I guess from your post that when you write $h{512_x64} what you mean is $h{'512_x64'}. But, as you have noticed, perl doesn't do this for you.
In perldata Scalar value constructors, about the fifth paragraph (depending how you count), just before 'Version Strings', it says:
In fact, an identifier within such curlies is forced to be a string, as is any simple identifier within a hash subscript. Neither need quoting. Our earlier example, $days{'Feb'} can be written as $days{Feb} and the quotes will be assumed automatically. But anything more complicated in the subscript will be interpreted as an expression.

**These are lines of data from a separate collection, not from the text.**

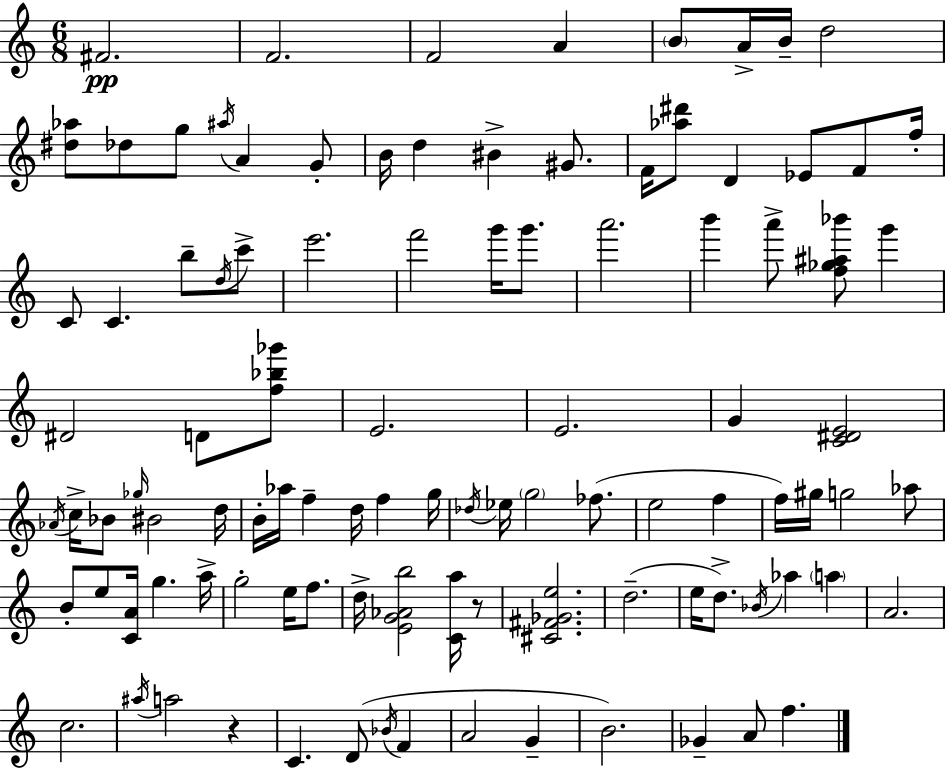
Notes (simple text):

F#4/h. F4/h. F4/h A4/q B4/e A4/s B4/s D5/h [D#5,Ab5]/e Db5/e G5/e A#5/s A4/q G4/e B4/s D5/q BIS4/q G#4/e. F4/s [Ab5,D#6]/e D4/q Eb4/e F4/e F5/s C4/e C4/q. B5/e D5/s C6/e E6/h. F6/h G6/s G6/e. A6/h. B6/q A6/e [F5,Gb5,A#5,Bb6]/e G6/q D#4/h D4/e [F5,Bb5,Gb6]/e E4/h. E4/h. G4/q [C4,D#4,E4]/h Ab4/s C5/s Bb4/e Gb5/s BIS4/h D5/s B4/s Ab5/s F5/q D5/s F5/q G5/s Db5/s Eb5/s G5/h FES5/e. E5/h F5/q F5/s G#5/s G5/h Ab5/e B4/e E5/e [C4,A4]/s G5/q. A5/s G5/h E5/s F5/e. D5/s [E4,G4,Ab4,B5]/h [C4,A5]/s R/e [C#4,F#4,Gb4,E5]/h. D5/h. E5/s D5/e. Bb4/s Ab5/q A5/q A4/h. C5/h. A#5/s A5/h R/q C4/q. D4/e Bb4/s F4/q A4/h G4/q B4/h. Gb4/q A4/e F5/q. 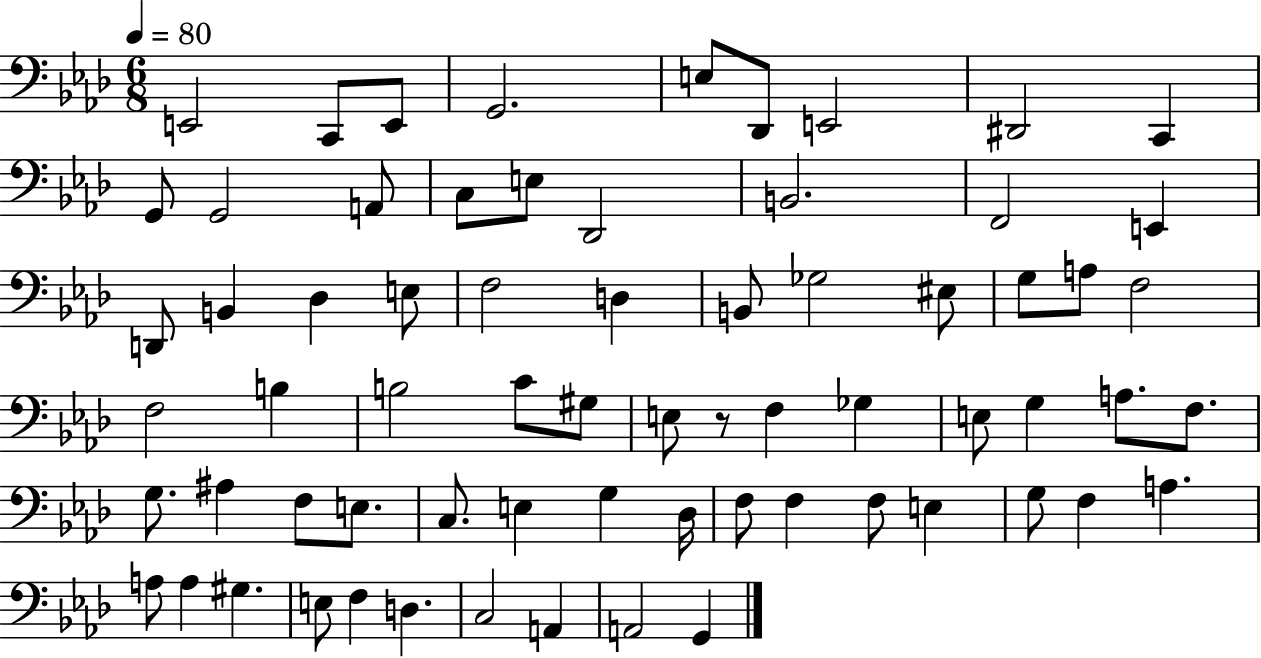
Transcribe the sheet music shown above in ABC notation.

X:1
T:Untitled
M:6/8
L:1/4
K:Ab
E,,2 C,,/2 E,,/2 G,,2 E,/2 _D,,/2 E,,2 ^D,,2 C,, G,,/2 G,,2 A,,/2 C,/2 E,/2 _D,,2 B,,2 F,,2 E,, D,,/2 B,, _D, E,/2 F,2 D, B,,/2 _G,2 ^E,/2 G,/2 A,/2 F,2 F,2 B, B,2 C/2 ^G,/2 E,/2 z/2 F, _G, E,/2 G, A,/2 F,/2 G,/2 ^A, F,/2 E,/2 C,/2 E, G, _D,/4 F,/2 F, F,/2 E, G,/2 F, A, A,/2 A, ^G, E,/2 F, D, C,2 A,, A,,2 G,,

This means for example that "$version{2.0}++" is equivalent to "$version{2}++", not to "$version{'2.0'}++".
And, in perldata Variable names it says:
Values are usually referred to by name, or through a named reference. The first character of the name tells you to what sort of data structure it refers. The rest of the name tells you the particular value to which it refers. Usually this name is a single identifier, that is, a string beginning with a letter or underscore, and containing letters, underscores, and digits.
Note the definition of identifier and remember that anything more complicated than an identifier within the subscript of a hash does not get implicit quotes. Knowing this, maybe you will not write $h{512_x64} when you mean $h{'512_x64'}, and perl can, once again, do what you mean.

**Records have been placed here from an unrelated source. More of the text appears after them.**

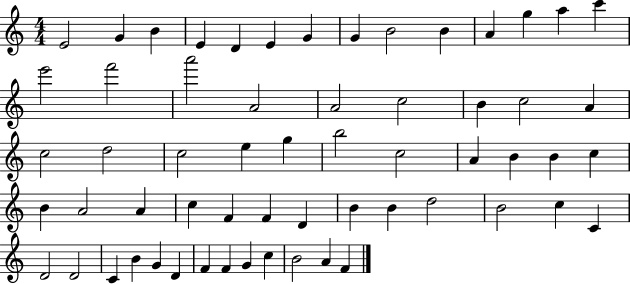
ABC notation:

X:1
T:Untitled
M:4/4
L:1/4
K:C
E2 G B E D E G G B2 B A g a c' e'2 f'2 a'2 A2 A2 c2 B c2 A c2 d2 c2 e g b2 c2 A B B c B A2 A c F F D B B d2 B2 c C D2 D2 C B G D F F G c B2 A F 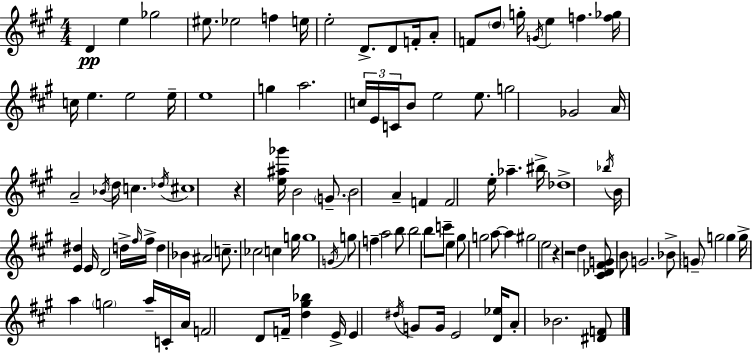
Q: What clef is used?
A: treble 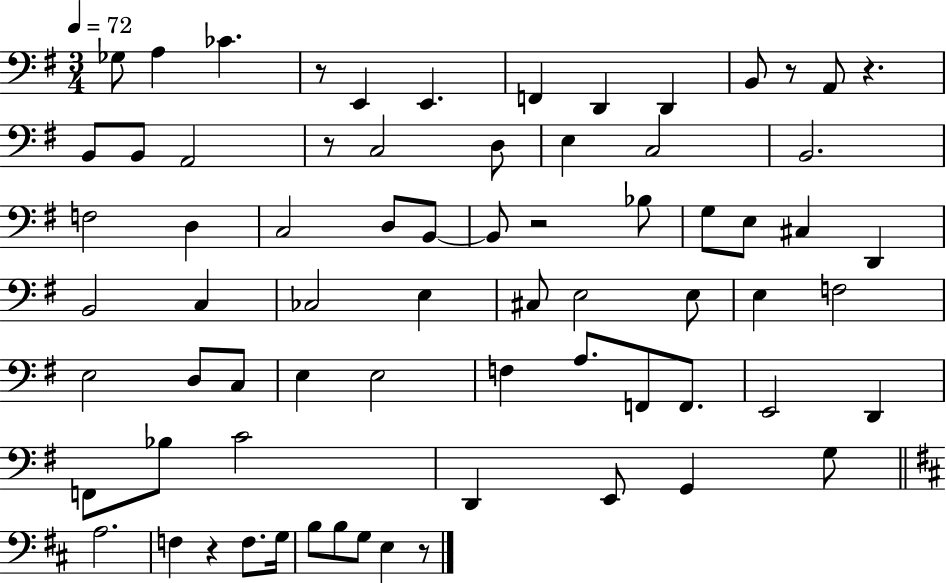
Gb3/e A3/q CES4/q. R/e E2/q E2/q. F2/q D2/q D2/q B2/e R/e A2/e R/q. B2/e B2/e A2/h R/e C3/h D3/e E3/q C3/h B2/h. F3/h D3/q C3/h D3/e B2/e B2/e R/h Bb3/e G3/e E3/e C#3/q D2/q B2/h C3/q CES3/h E3/q C#3/e E3/h E3/e E3/q F3/h E3/h D3/e C3/e E3/q E3/h F3/q A3/e. F2/e F2/e. E2/h D2/q F2/e Bb3/e C4/h D2/q E2/e G2/q G3/e A3/h. F3/q R/q F3/e. G3/s B3/e B3/e G3/e E3/q R/e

Note also that there are many times when it is very convenient that what is inside the curlies of a hash subscript is evaluated as an expression. Hash subscripts would be much less useful if everything inside the curlies was implicitly quoted. Imagine if $key in the following were quoted. You wouldn't see the values of your environment variables or, if you happened to have an environment variable named '$key', you would see its value over and over.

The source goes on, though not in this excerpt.